Movies into Books
Reading a really great book can evoke the response of “Wouldn’t this make a great movie?” Hollywood might be fall down from lack of source material without all those great reads out there. Then again, I admit there are some really great movies that would make great books.
1. The Visitor: 2007/Richard Jenkins
Walter, a widowed college professor, travels to New York City to attend a conference and finds a young illegal immigrant couple, Tarek and Zainab living in his apartment. While an uneasy friendship forms between them, the relationship becomes complicated when Tarek is arrested and Walter tries to help prevent deportation.
The movie sensitively presents the issue of immigration and illegal immigrants without too much political statement. The richness of moments and dialogue between the characters is what takes the movie to a level of deeply appreciating the various paths each human takes while journeying through life.
I would like to see this as a book to better “hear” each character’s thoughts, perhaps presented in the new chapter omniscient format.

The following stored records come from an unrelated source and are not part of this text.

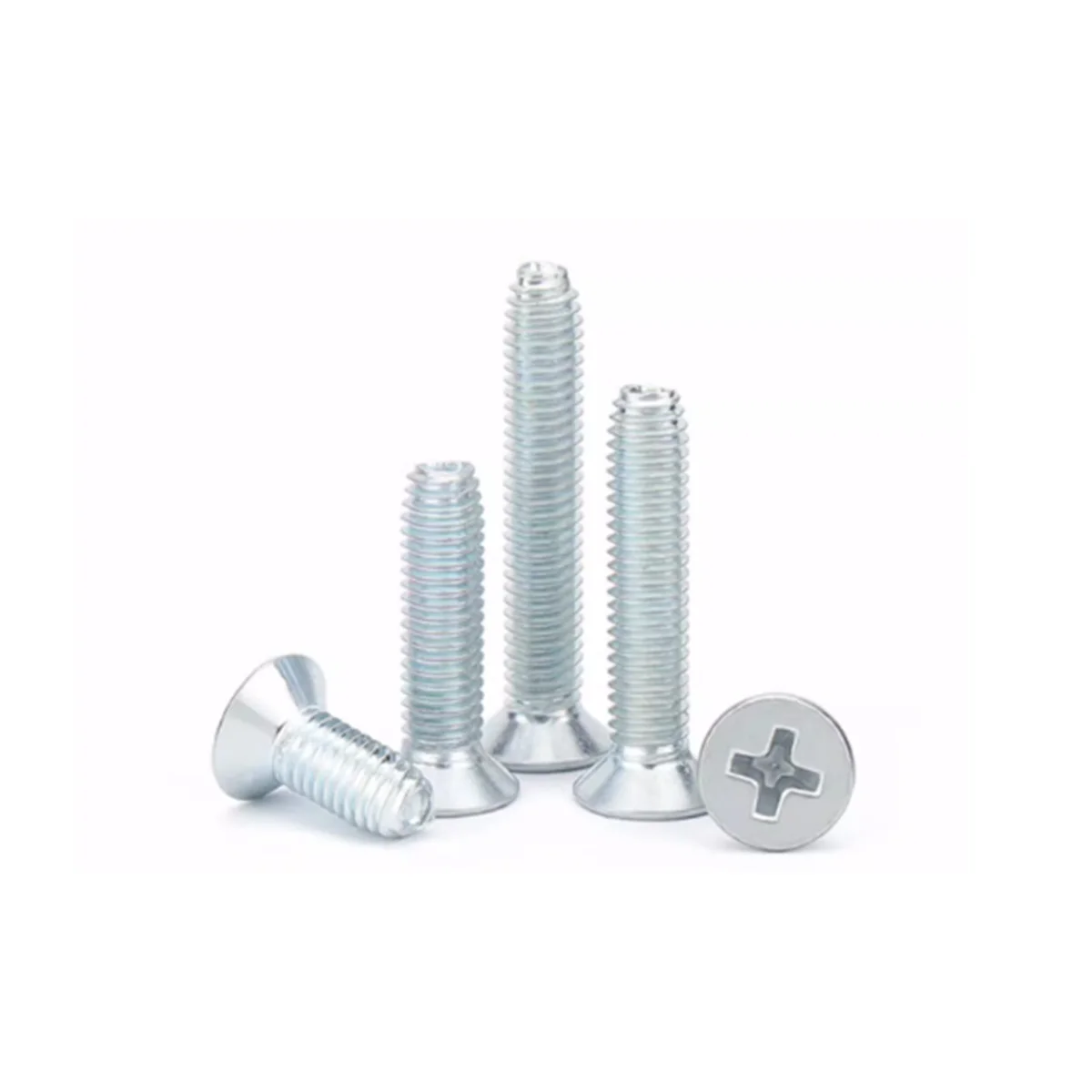 

Galvanized And Hardened Cross Groove Flat Head Triangular Thread Self Tapping Screw Countersunk Self-Locking Screw M2.5M3M4M5M6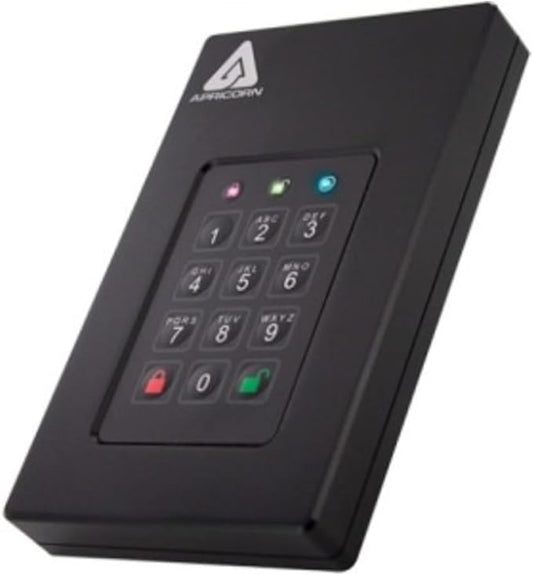 Apricorn 500GB Aegis Fortress L3- FIPS Level 3 Validated USB 3.0 Hardware Encrypted Portable Drive (AFL3-500)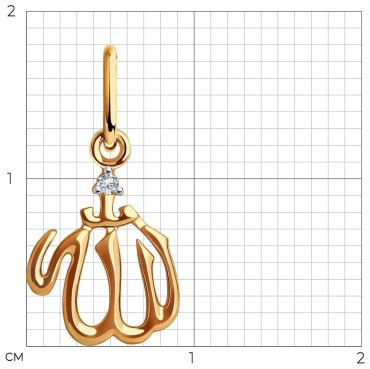 Подвеска SOKOLOV 036478 вес 0.47 г золото, фианит - ForteMarket Подвеска SOKOLOV 036478 вес 0.47 г золото, фианит купить,0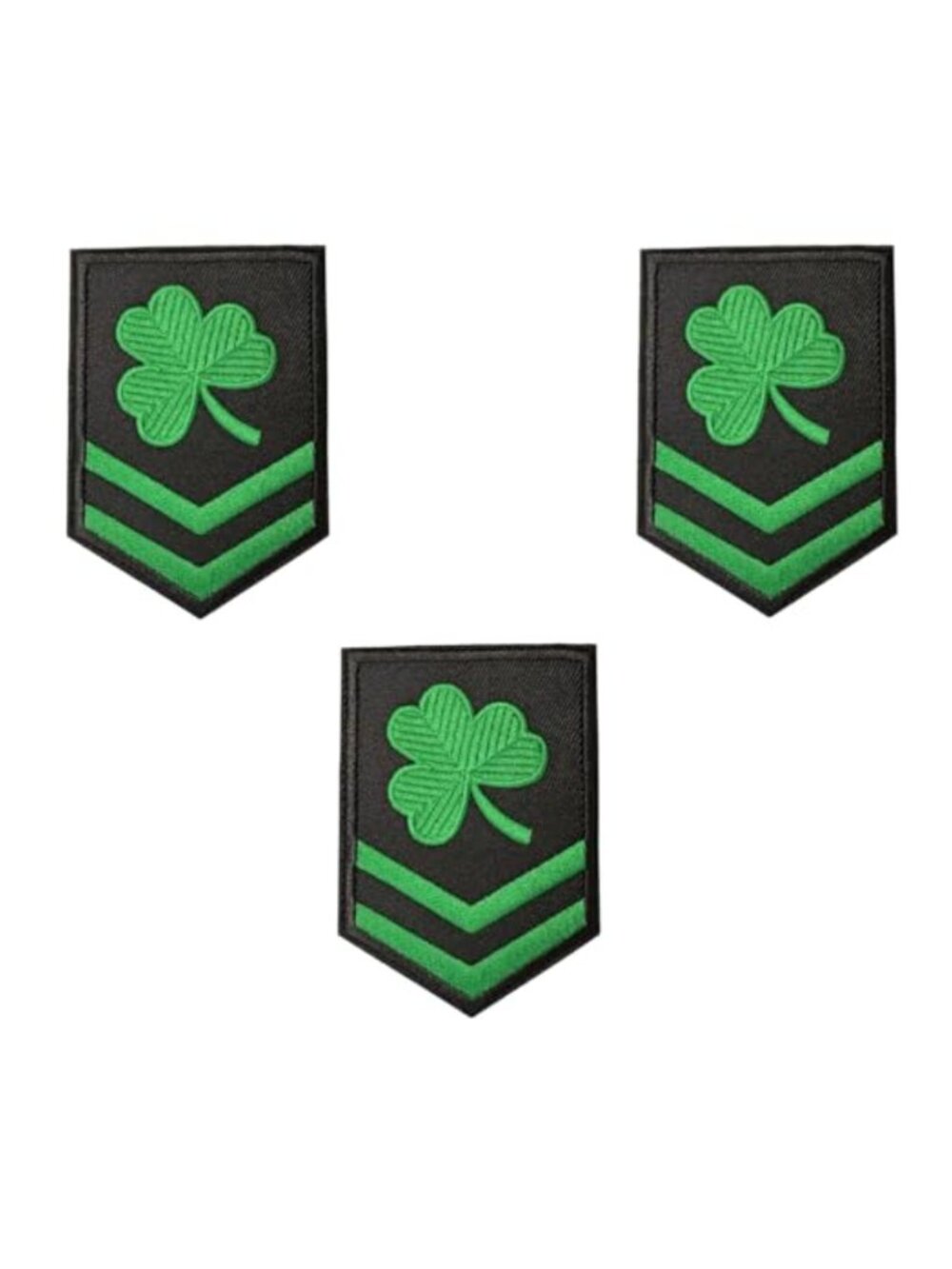 3 Pcs Three-Leaf Clover Shoulder Board Epaulets Embroidered Sew On Iron on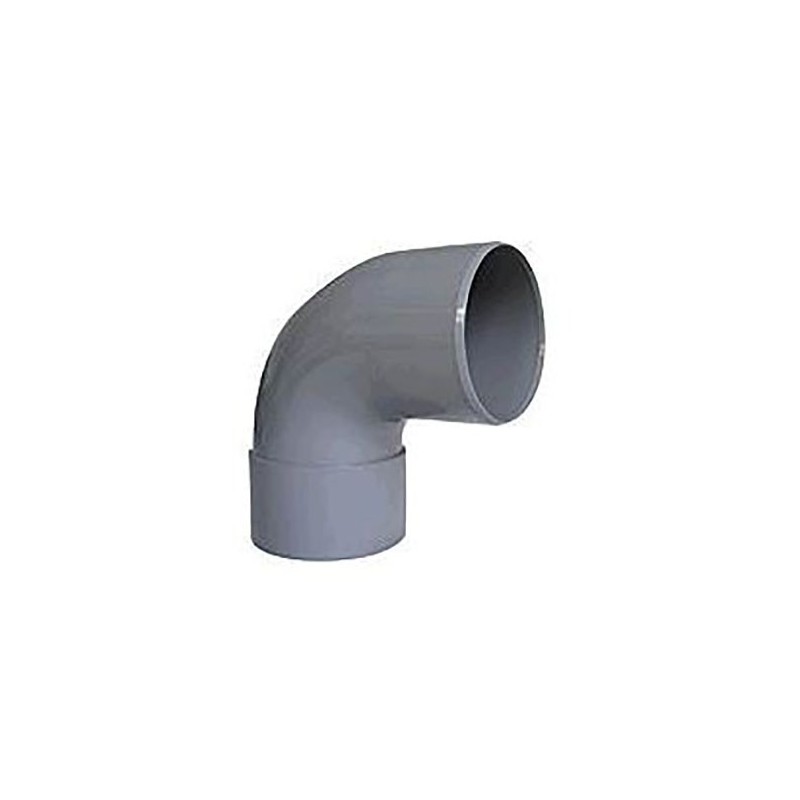 Coude M/F PVC evacuation 90 D63 elevage Coude M/F PVC evacuation 90 D63 elevage
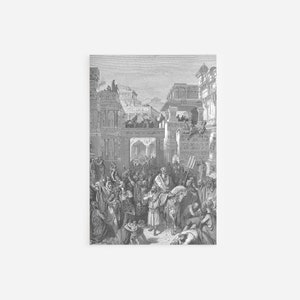 Gustave Dore - The Triumph of Mordecai (1866) - Drawing Photo Poster Print Art Gift Museum Gallery Giclee Bible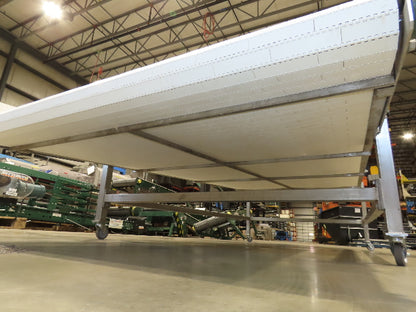 70"x 16' 9" Stainless Portable Incline Conveyor Mattop Belt Food Grade *No Drive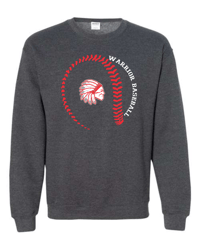 Image 1 of Crewneck Everett Baseball Design 2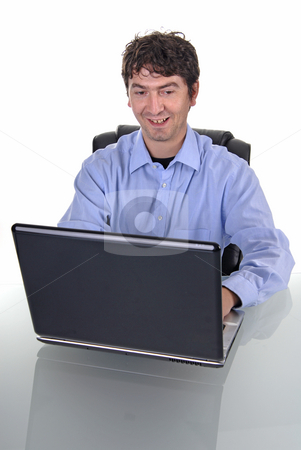To use this stock image in your creative project, please select the size you need over to the right and click the "Add to Cart" button.
Your downloaded image will come with the Cutcaster watermark removed so don’t worry about the watermark you see on this page. Working stock photo, Young man working with laptop. studio picture by Rui Vale de Sousa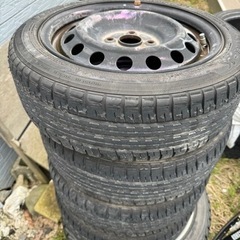 ヤリス純正鉄チン　5.5j？軽サイズタイヤ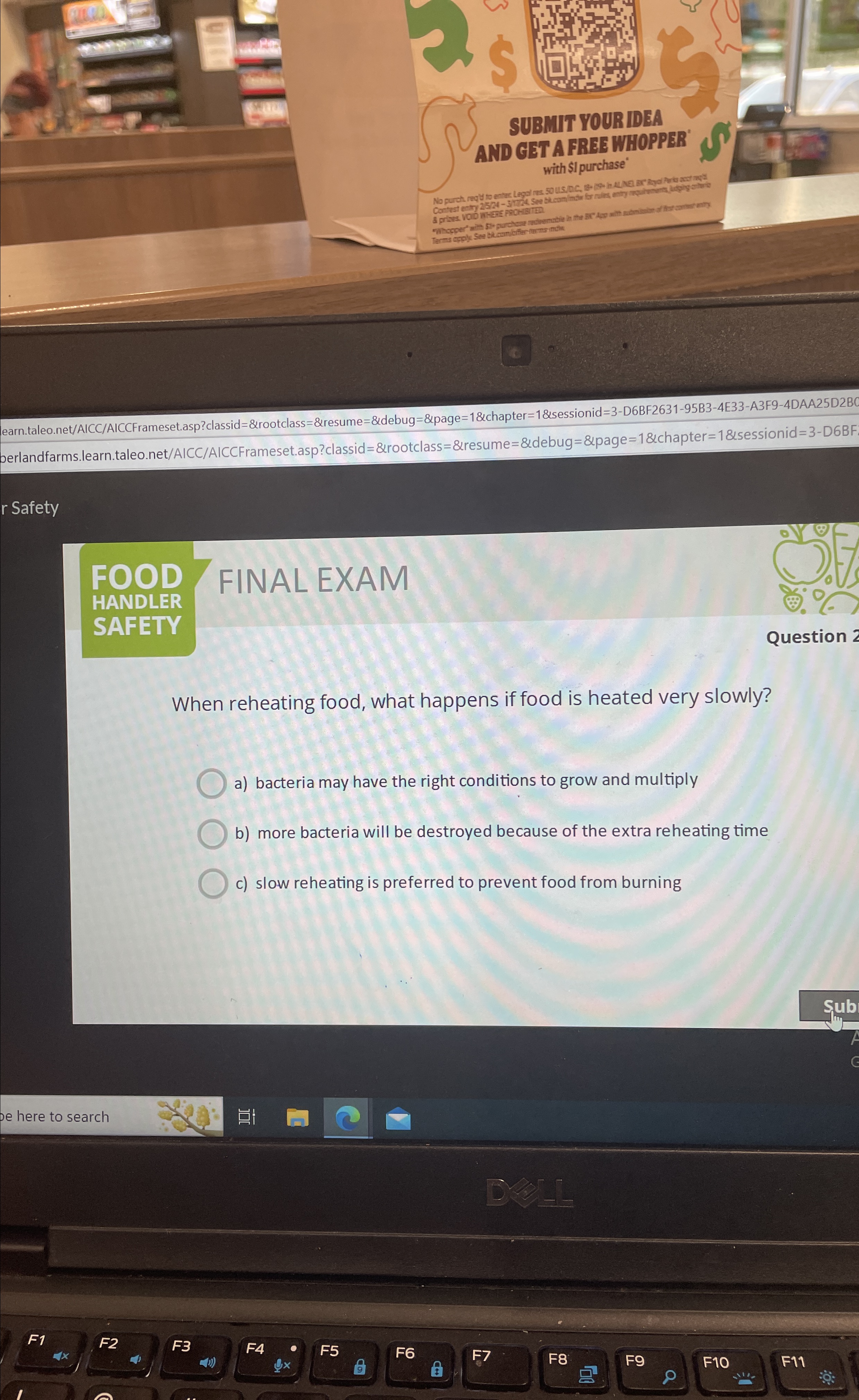  SUBMIT YOUR IDEA AND GET A FRES WHOPPER' with $1 purchase*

2. The Interpreter: 2005/Nicole Kidman, Sean Penn
Political intrigue and deception at its best. Set inside the United Nations, Nicole Kidman plays an interpreter who overhears an assassination plot and CIA agent Sean Penn is assigned to investigate whether there is validity to her claim. Both are hurting from personal losses and form a bond from their mutual pain.
I would like to see this as a book because it is an intelligent thriller that explores aspects of an unknown field of work to me: United Nations interpreter. There are twists and turns to the plot that would make it a definite page-turner. And while Penn and Kidman’s characters are attracted to each other there is no distraction of a romantic relationship sideswiping the plot.
3. Flawless: 2007/Michael Caine, Demi Moore
Set in 1960s London, Michael Caine and Demi Moore both work for the London Diamond Corporation. Caine, a custodian about to retire, convinces Moore, the lone female executive who longs to break the glass ceiling, to get back at the company that has wronged them by lifting a few diamonds. A heist film of high caliber, exploring class and gender constraints.
I would definitely like to see this as a book because who can resist an intelligent whodunit heist? No murder, per se, just well-written character portrayals with a death on the side. Oh yeah, all those diamonds disappearing is pretty good intrigue, too.
4. Finding Forrester: 2000/Sean Connery, Rob Brown
Rob Brown, in his first role, plays a high school basketball player who happens to be a writing prodigy. He hides his writing in journals he carries in his backpack. On a dare gone wrong, he inadvertently leaves his backpack in an apartment he and his friends explore. Sean Connery executes a fine performance as a reclusive author who wrote the Great American Novel and retired from writing and the world.
Actually this did come out as a book and held its own.
One thing noticeable about my choices is they are about issues and relationships. CGI nowhere to be seen. Hmm, that says something, doesn’t it?
So–what movies to books are you hoping for at the library near you?
Just provide me with a well written book, a cup of tea and some chocolate … I really don’t care about its movie at all, just bring along another cup of tea and refill the chocolate bowl! Just thinking, though … a book is usually a solitary adventure whereas a movie is best enjoyed in the company of friends (and popcorn)?
True observation. Reading snatches from a good book to chosen companion is not the same thing, is it?
What good choices! I would love to read The Visitors as a novel, precisely for the same reason you point out – to hear the characters’ thought processes. What an interesting idea.